I am using rpart to doing this desision tree.
Dataset that i use:
https://drive.google.com/open?id=1qry-4PBmiOH56y9LTGMbeCFkiHj_tmUp
Code that i use:
datatrans16 <- read.csv("C:/Users/yamzh/Desktop/datamining/SBA/datatrans16.csv")
library("rpart.plot")
myDataAnalys <- rpart(MISStatus ~ State + RevLineCr + GrAppv , data=datatrans16 ,method = "class",control=rpart.control(cp = 0.005))

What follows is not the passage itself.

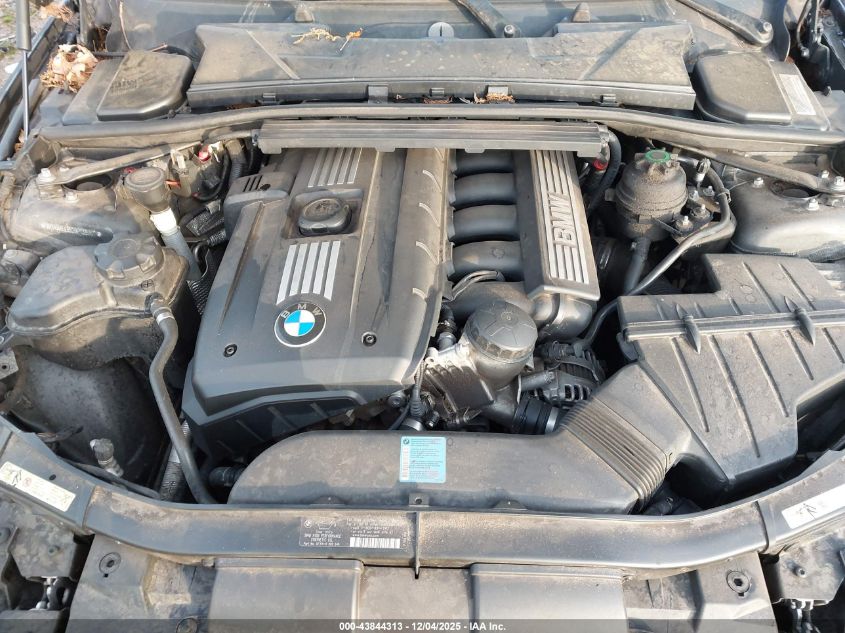 2009 BMW 328I VIN: WBAWB33529P136967 Lot: 43844313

rpart.plot(myDataAnalys,extra = 4,digit = -3)
my dicision tree plot:
https://drive.google.com/open?id=1-CX-TYOXoWHZta5v8gdNDsSk1ofPzyN1
here the question:
I need to predict who will PayInFull (P I F) and who will CHGOFF (change-off). There are 73.1% PIF and 26.9% of CHGOFF in my cvs. It mean there are 73.1 will pay in full, and 26.9% will change-off. But the plot show that [PIF .269 .731 ] in the first node
-
[PIF .269 .731 ] .269 in the left mean only 26.9% will pay in full and 73.1% people will charge off?
-
It is reverse as what i expect?
-
How can i reverse the decision tree from [PIF .269 .731 ] to [PIF .731 .269] if there is something wrong with my code?
-
Any one can help me code the desicion tree for my dataset? or how i can improve my code?